The labor market continues to exhibit strength in the face of broader economic challenges, as evidenced by the latest employment report from the Labor Department. In December, nonfarm employment recorded a robust increase of 223,000 jobs, surpassing analysts’ expectations and unemployment declining to a 50-year low of 3.5%.
However, it’s important to note that the impressive unemployment rate is accompanied by a moderating wage growth, sparking speculation that the Federal Reserve may shifts away from its aggressive monetary policy stance.
The tight labor market conditions, as indicated by the recent drop in weekly jobless claims and the smaller-than-expected decrease in jobs openings, which suggests that the Fed is likely to continue to raise interest rates in the near term. The number of unemployed persons decreased by 278,000 to 5.72 million in December, and the number of employed individuals increased by 717,000 to 159.2 million.
Although the U.S. payrolls report showed labour market have remained tight, readings on wage growth and a surprisingly sharp downturn in service sector business confidence last month encouraged those betting on an early peak in Federal Reserve interest rates this year.

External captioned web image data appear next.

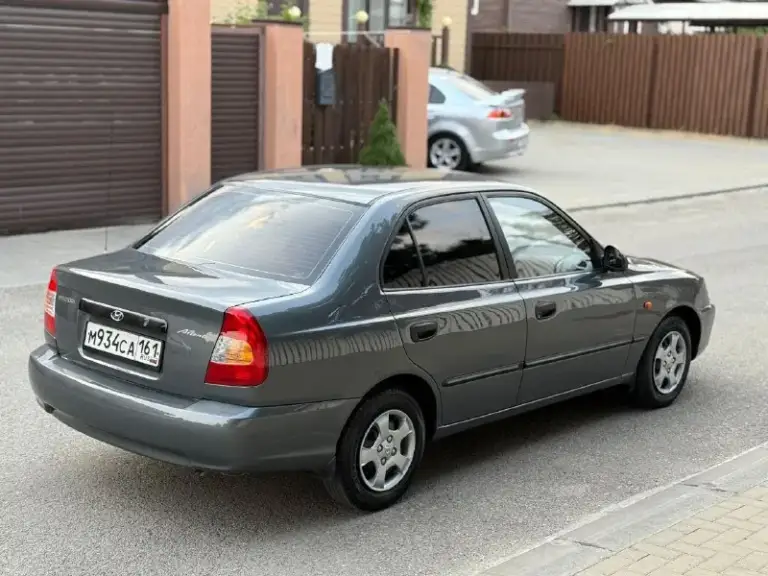 Марка/модель: hyundai accent
Год выпуска: 2005
Двигатель: 1.6
Привод: передний
Трансмиссия: мкпп
Пробег: 240.000 км
Цена: 400.000
Находится в луганске
Тел. +79595595647
Отдам в хорошие руки отличный автомобиль, машинка ухоженная, вся целая, кузов ровный, салон чистый.
Кузов не гнилой, все что нужно работает, кондиционер холодит, по технике все отлично из ближайших вложений я бы заменил бендекс, и подушки двигателя, больше нареканий нет, все обслужено, за авто следили, на машине ездила дочь. Продавать не планировали но срочно нужны деньги.
Приезжайте смотрите готов на любые проверки.
📞 Звоните: +7(959)5595647 - фотография - 4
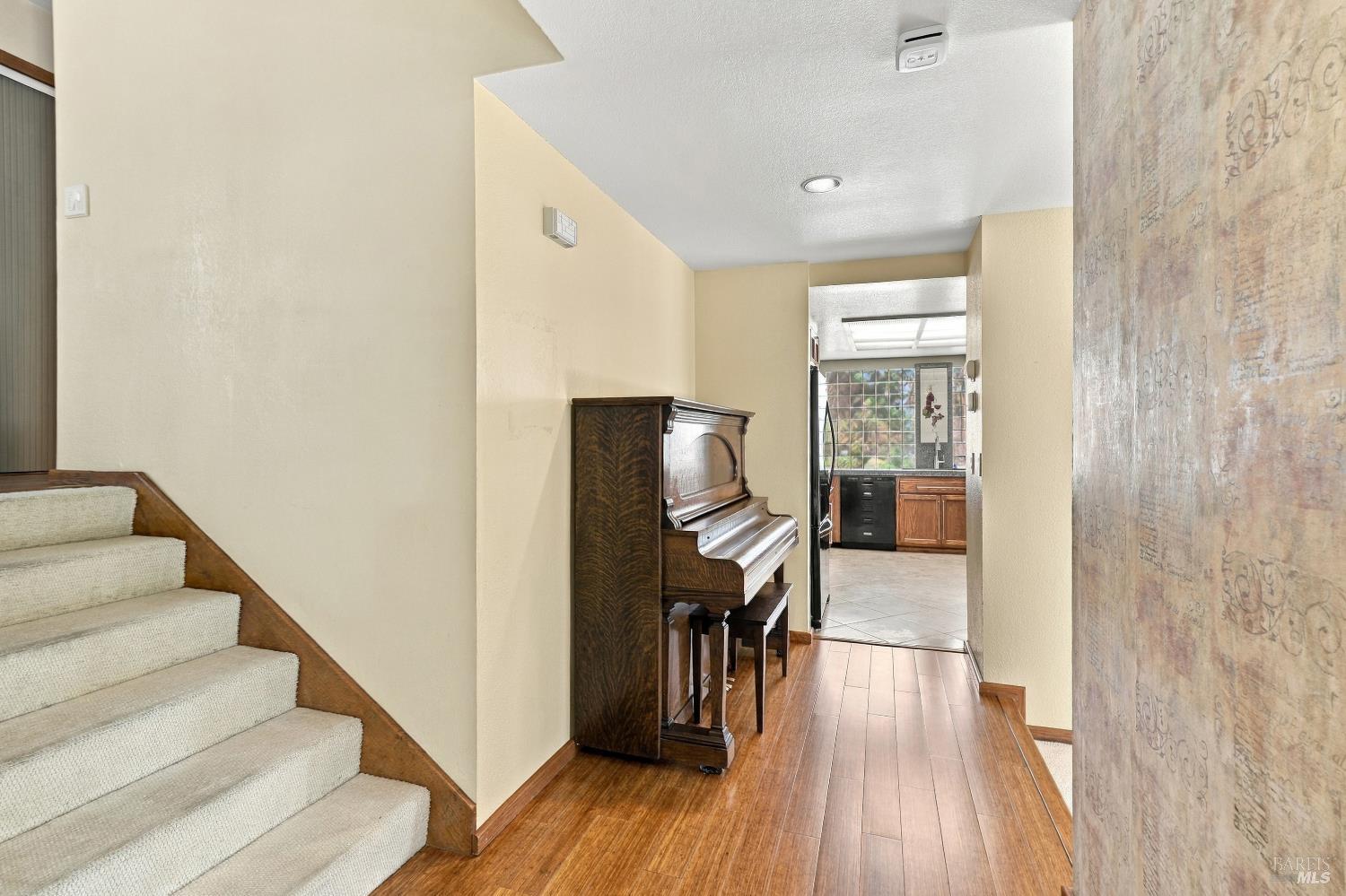 1672 Deer Run Santa Rosa CA 95405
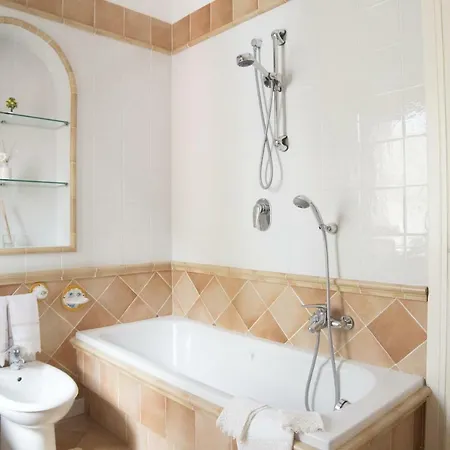 Panorama Host - Domus Amalfi Coast Apartment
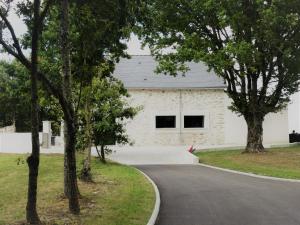 Jolie longère près Canal Nantes-Brest Pétanque
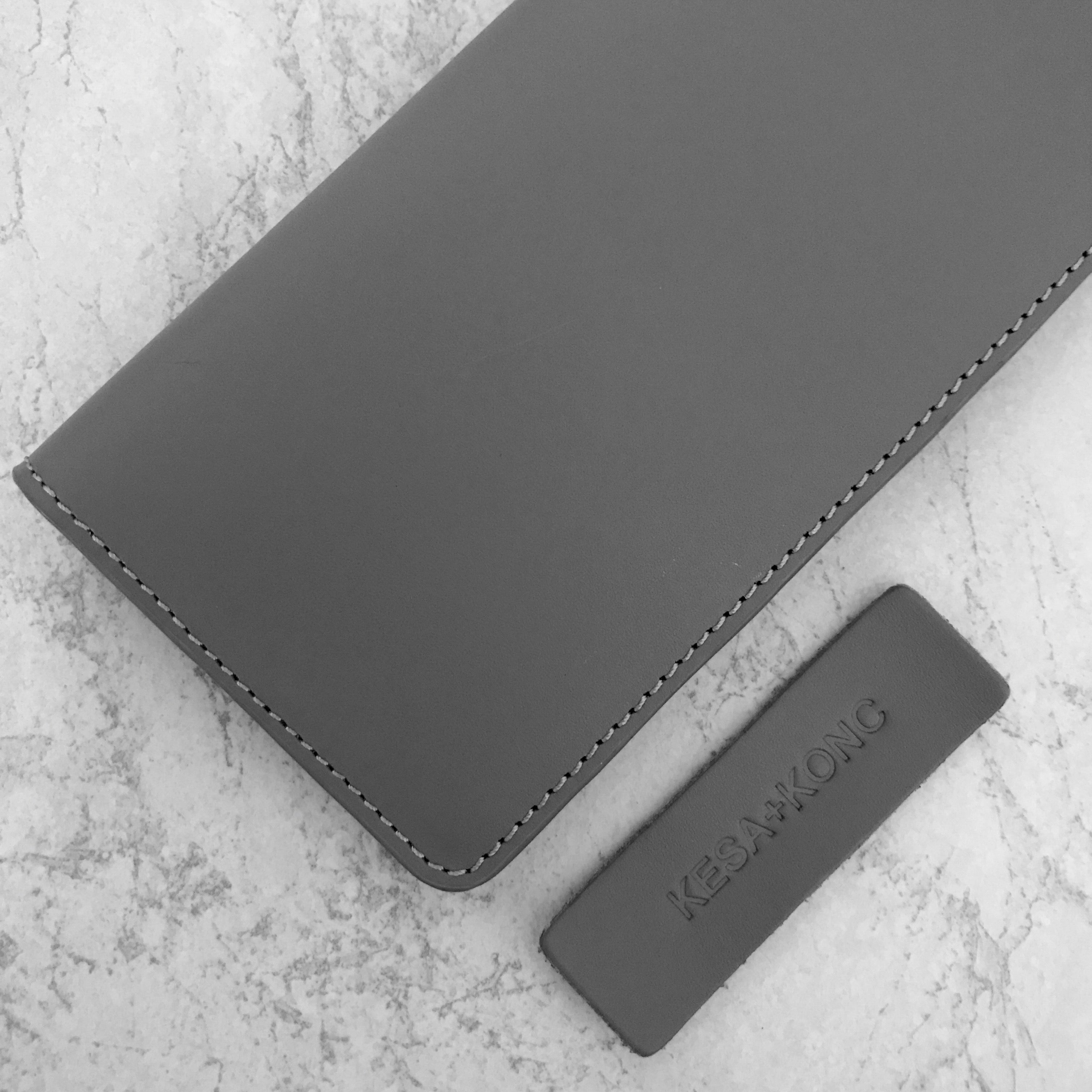 Leather Card Wallet - Classic Luna Grey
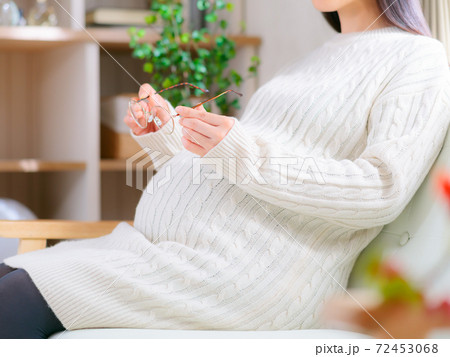 メガネを持つ妊婦 4:3 メガネを持つ妊婦 4:3 72453068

Softening average hourly earnings also contributed to a rally in stocks, as investors believe that the unemployment rate is less critical for the Fed if wage growth is moderating. This had led to expectations of a 25-basis point increase in the Fed’s benchmark interest rate at the next policy meeting on 1st of February.
This economic data also fuels the speculation of further Federal Reserve rate hikes in the near term, with Fed futures predicting a total of 60 basis points by mid-year, and a half point of rate cuts over the second half of 2023, despite Fed officials not foreseeing rate cuts in 2023.
However, inflation data due on Thursday, and the start of corporate earnings season on Friday, will provide a more comprehensive understanding of the economy’s health and potential for slowdown. The underlying market indication is that the U.S. economy is heading towards a steady state, and it’s a perfect time for investors to keep an eye on the next step of monetary policy, and the impact of inflation on the economy.
The data paints a picture of a labor market that is defying broader economic headwinds and demonstrating remarkable resilience. Investors are raising questions about the Federal Reserve monetary policy, making it an essential time to keep a keen eye on the economy and upcoming data releases.